Empty US offices cause headache for German bank
February 22, 2024Worries about US commercial property are making a German bank nervous. What had previously promised high profits is becoming a massive problem for Deutsche Pfandbriefbank (pbb). The mid-sized bank based near Munich specializes in commercial real estate loans in Europe, but is also heavily invested in America.
The vacancy rates for offices and business premises there are higher than they have been for years. It is partly a knock-on effect of the COVID-19 pandemic and the new norm of working from home. More broadly, tighter lending, higher interest rates and inflation are making construction and real estate less attractive.
Overall, pbb is sitting on customer loans of just over €49 billion ($52.9 billion). Of that, around 44% of its real estate financing is connected to commercial real estate in Germany. Yet around €5.4 billion, or 15%, is tied to commercial real estate in the US. A market "where uncertainty surrounding commercial real estate valuations is particularly high," according to a recent report by S&P, a credit rating agency.
To make matters worse, as of last September, 12.8% of the US loans are considered problematic, "a huge difference compared to the estimated ratio of 0.3% for the German risk exposure," said Vladislav Krivenkov from Hamburg-based nordIX, a specialist for bonds and derivatives that advises institutional investors.
Taking stock as the stocks tumble
Many other German banks have real estate investments, but these businesses are generally more diversified. On February 14, S&P downgraded both its long- and short-term outlook for pbb due to its strong exposure to commercial real estate, including offices, retail, logistics and hotels. For the rating agency, it is the bank's "narrow mix of business lines" that is cause for alarm.

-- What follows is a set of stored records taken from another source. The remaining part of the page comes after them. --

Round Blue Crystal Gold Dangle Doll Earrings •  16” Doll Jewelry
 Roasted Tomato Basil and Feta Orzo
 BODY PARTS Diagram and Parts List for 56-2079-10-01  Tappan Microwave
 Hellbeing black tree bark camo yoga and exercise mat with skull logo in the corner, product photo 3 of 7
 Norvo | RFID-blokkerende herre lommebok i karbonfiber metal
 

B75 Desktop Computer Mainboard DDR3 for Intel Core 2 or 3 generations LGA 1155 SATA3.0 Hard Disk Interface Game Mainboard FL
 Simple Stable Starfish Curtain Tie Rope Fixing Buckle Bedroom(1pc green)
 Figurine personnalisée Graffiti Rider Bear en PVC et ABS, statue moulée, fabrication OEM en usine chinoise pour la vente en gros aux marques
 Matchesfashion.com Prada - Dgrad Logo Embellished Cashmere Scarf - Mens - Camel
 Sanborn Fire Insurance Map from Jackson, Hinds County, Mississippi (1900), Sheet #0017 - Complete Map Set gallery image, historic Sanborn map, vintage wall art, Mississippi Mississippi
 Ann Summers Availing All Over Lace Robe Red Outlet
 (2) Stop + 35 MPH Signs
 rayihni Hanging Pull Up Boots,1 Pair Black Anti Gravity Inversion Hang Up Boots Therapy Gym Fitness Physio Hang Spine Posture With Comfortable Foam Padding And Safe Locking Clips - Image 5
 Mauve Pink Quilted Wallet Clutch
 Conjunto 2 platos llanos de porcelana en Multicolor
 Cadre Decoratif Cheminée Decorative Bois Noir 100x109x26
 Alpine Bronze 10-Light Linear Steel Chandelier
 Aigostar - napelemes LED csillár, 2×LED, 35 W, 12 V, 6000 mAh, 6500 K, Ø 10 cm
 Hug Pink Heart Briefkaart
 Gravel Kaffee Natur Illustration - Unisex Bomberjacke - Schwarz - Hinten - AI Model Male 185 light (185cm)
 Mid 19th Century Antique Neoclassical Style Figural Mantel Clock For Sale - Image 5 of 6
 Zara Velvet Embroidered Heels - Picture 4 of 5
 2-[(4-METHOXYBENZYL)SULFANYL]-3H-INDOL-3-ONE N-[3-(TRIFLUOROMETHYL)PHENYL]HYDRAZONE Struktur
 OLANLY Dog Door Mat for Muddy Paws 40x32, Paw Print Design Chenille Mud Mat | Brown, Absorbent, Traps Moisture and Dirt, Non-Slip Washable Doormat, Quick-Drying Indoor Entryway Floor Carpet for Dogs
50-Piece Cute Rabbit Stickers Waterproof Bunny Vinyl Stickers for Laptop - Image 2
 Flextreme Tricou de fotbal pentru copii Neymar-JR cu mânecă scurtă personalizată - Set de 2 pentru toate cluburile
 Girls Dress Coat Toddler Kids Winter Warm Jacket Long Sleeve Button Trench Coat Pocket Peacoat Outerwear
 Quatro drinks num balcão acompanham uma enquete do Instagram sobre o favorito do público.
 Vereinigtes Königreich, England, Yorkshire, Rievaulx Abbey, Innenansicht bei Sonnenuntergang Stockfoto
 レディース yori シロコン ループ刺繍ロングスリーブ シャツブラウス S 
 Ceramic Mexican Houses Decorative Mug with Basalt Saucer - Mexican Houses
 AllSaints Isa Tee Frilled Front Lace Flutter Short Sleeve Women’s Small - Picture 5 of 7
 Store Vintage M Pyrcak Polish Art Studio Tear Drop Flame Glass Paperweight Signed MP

Investors' reaction was swift and the bank's share price fell to an all-time low. Since the start of January, the stock is down 40%.
Perhaps in anticipation of this, the bank previously issued two bulletins to try and reassure investors about its general financial health. It announced that despite the situation "pbb remains profitable thanks to its financial strength — even in the greatest real estate crisis since the financial crisis." It also vowed to have enough cash to deal with a downturn in the US.
The situation for commercial real estate in the US, especially for office properties, is challenging, says Jens Tolckmitt, chief executive of the Association of German Pfandbrief Banks (vdp). But the entire real estate industry cannot be judged together. "Individual property types and locations are affected completely differently," he told DW.
Still, the sector seems to be in distress, and "investors are nervous," said Krivenkov, a portfolio manager who runs one of nordIX's funds.
But he is hopeful that the current situation is "more an asset repricing than a bubble burst, as seen during the subprime crisis in the US starting from 2007." The fact that a relatively unknown mid-sized German bank is struggling shouldn't be taken as a sign of a wider financial crisis. Plus, the market could soon stabilize, possibly through interest rate cuts, which many expect are coming.
Finding security in 'Pfandbriefe'
That would be good news for pbb, since real estate finance accounts for most of its earnings. In 2023, pre-tax profits were €90 million, according to preliminary results. A big decline compared with €213 million the previous year and €242 million in 2021. Still, S&P sees the bank remaining "moderately profitable" this year.
Despite the challenges ahead, Tolckmitt doesn't think this is the beginning of a new systemic financial crisis either. "Since the experiences of 2008, [German] banks have been regulated more strictly and are better capitalized, which means they have significantly more equity and are more resilient."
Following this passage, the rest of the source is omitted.